An SFENCE operation, for example, costs exactly the same as a locked
xchgl when the cpu has data it needs to flush (which is always if you
are trying to integrate a memory barrier with a locking mechanism of
some sort).
Yes, this is true for Intel CPUs too (I have some patches for FreeBSD
that replaces memory barriers code with p4-suitable one and my
benchmarks show pratically the same timeage for both kernels). However
this is just an example I did to show better what I mean. I think one
of the most interesting application of AMD/Intel extensions is about
using non-temporal hints in SMP architecture, in order to reduce snoop
traffic in cache/memory for massive usages of them.
Procedural patching has some merit, especially since both the CALL and
RET can be subsumed by the branch prediction cache, but my preference
is to inline a reasonably optimal operation and have it conditionally
call a procedure if it 'fails'. For example, take a look at our
spinlock functions in sys/spinlock2.h.
Procedural patching makes more sense for more complex procedures such
as bcopy(), and we use it for that.
This is not what I meant.
For run-time patching I was meaning a method that doesn't pay any
penalty about performance. Using a function pointer, for example, will
add an extra call/ret that wastes pipelines and prefetch buffers
(please note that a jmp doesn't solve your problems here).
A dumb way to do a real run-time patching is something similar (in pseudo code):
if (cpuid & BIT_SSE2) {
if (dest.size < orig.size)
panic();
memcpy(dest.addr, orig.addr, dest.size);
}
What I have in mind is a little bit more articulated, but it can't
solve the problem of inlined functions.
On my side, I'm pro-compiletime stubs, since I think if somebody
really cares about performance a kernel re-compiling is the better
thing.
:Once that we have choicen a method in order to apply changes, the
:first thing I would like to add (BTW, I don't know if it exists
:alredy) is sysenter/sysexit support replacing interrupt 0x80 (I have
:an item in the FreeBSD list for volounteers about it, since I think I
:would like to add it there too)
Hmm. Well, I'm not keen on the idea, unless a significant savings
in time -- at least 50ns, can be demonstrated. Even with
SYSENTER/SYSEXIT we still have to save most registers.
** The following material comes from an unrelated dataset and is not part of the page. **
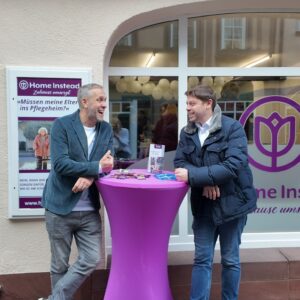 Personen vor dem Stehtisch vor der Tür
Yes, this is true but we totally replace IDT/GDT code, that is the
real bottleneck. Since the stack is in L1 when we pusha, we don't need
to care too much about it.
However, I do think this might be viable if combined with argument
registerization as you describe below. I am *NOT* keen on using
FP registers for this, though. If a system call has too many arguments
to fit into normal registers I'd rather just leave them on the stack.
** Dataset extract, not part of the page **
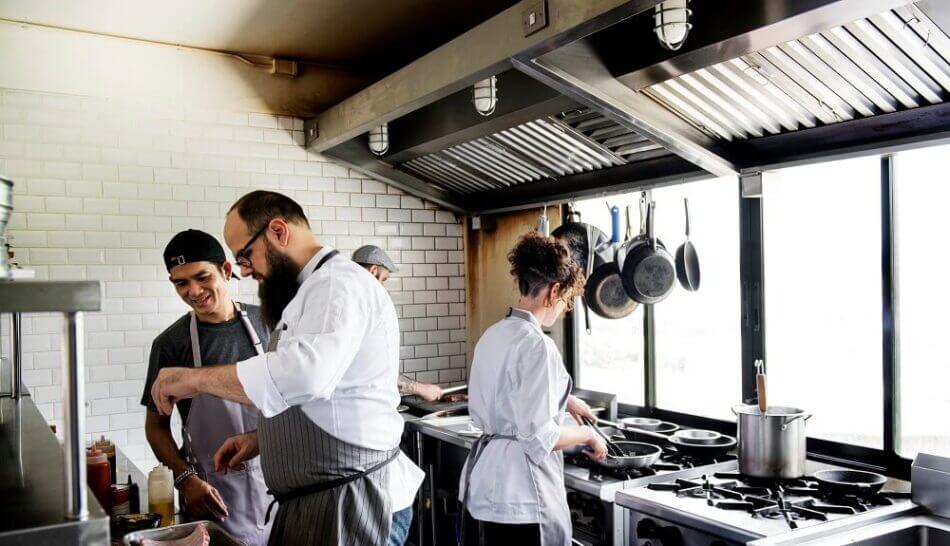 hotte de cuisine professionnelle et système de ventilation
It's not clear to me if you want to use just GP registers or not FPU
in particular (BTW, I mentioned FPU registers just for a complete
overview, I have to think more how to implement a quick syscall
parameters gathering).
:and possibly evaluating the usage of
:FPU/MMX/XMM registers in order to gather syscalls parameters.
:Feedbacks about it are very appreciated too. I have other ongoing
:projects we can discuss later, but they are very architecture
:dependant so, since maybe they can fit in FreeBSD, they cannot in
:DragonflyBSD.
:
:Thanks for your time,
:Attilio
I think some degree of registerization might be beneficial, but with
the provisio that all we are doing here is passing the system call
arguments themselves in registers, not attempting to reimplement
the libc functions as registerized calls.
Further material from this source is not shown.